One more example. Reform. Reform means : 'toe the American line'. Be Anglo-Saxon or Anglo-American in political, social, economic and religious liberalism. You must 'reform' your values so that every other society should be just like America which produces a half million under age mothers every year. Muslims must not adhere to the tenets of their religion, no; to do so would make them 'hard-liners', 'conservatives', 'fanatics'. It is okay to have the Christian Democrats in power in Germany, but not the pro-Islamic party in Turkey. It is okay for Catholic fanatics and Protestant terrorists maiming and killing in the name of religion in Northern Ireland, but is not acceptable to the 'civilized' world for Shiites and Sufis to settle scores in Iran or for the Algerians whose election victory was annulled in 1992 because Islam is a threat to certain sensibilities.
Yes, the word accent. Every human speaker has an accent. It is not an abuse. It is not anything to be ashamed of or be apologetic about. A german speaking in English would naturally have his English laced with a German accent. There is the Quebec accent, the Calgary accent, the Mississippi accent, the Texan accent, and of course the rich melodious Fulani accent. In every society, in every nation, there are as many accents as there are people who speak a language, for after all, accent is a product of voice modulation.
In the 'Western' world, it is okay to give huge sums of money to lobbyists [substitute bribe givers and corrupters] who in turn give the money to parliamentarians and ministers to buy influence to the advantage of your company or to secure huge contract for you. Which reminds me of the Tory members of British Parliament who demanded and accepted bribes from companies to help such companies make inquiries from government. It is all within the armpit of lobbying, a clever use of words!

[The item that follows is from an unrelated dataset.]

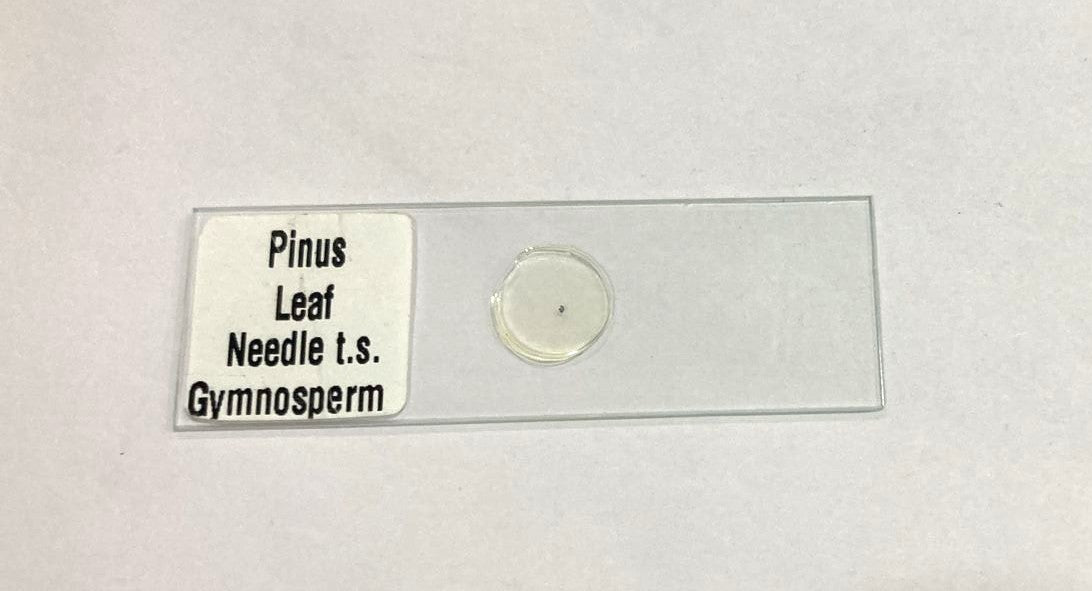 Pinus Leaf Needle T.S.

In conclusion, I wish to make an appeal to writers worldwide to be faithful to the use and employment of language, and resist the temptation of carrying all age-long prejudices [which language has been used to foster ] into the 21st century. And in making this appeal, I include all those who use language as their primary tool, in whatever language to heed this plea: there should no longer be a 'kololo', a 'Gambari', an 'ngbati', a 'Yanminrin' or 'Kobokobo'.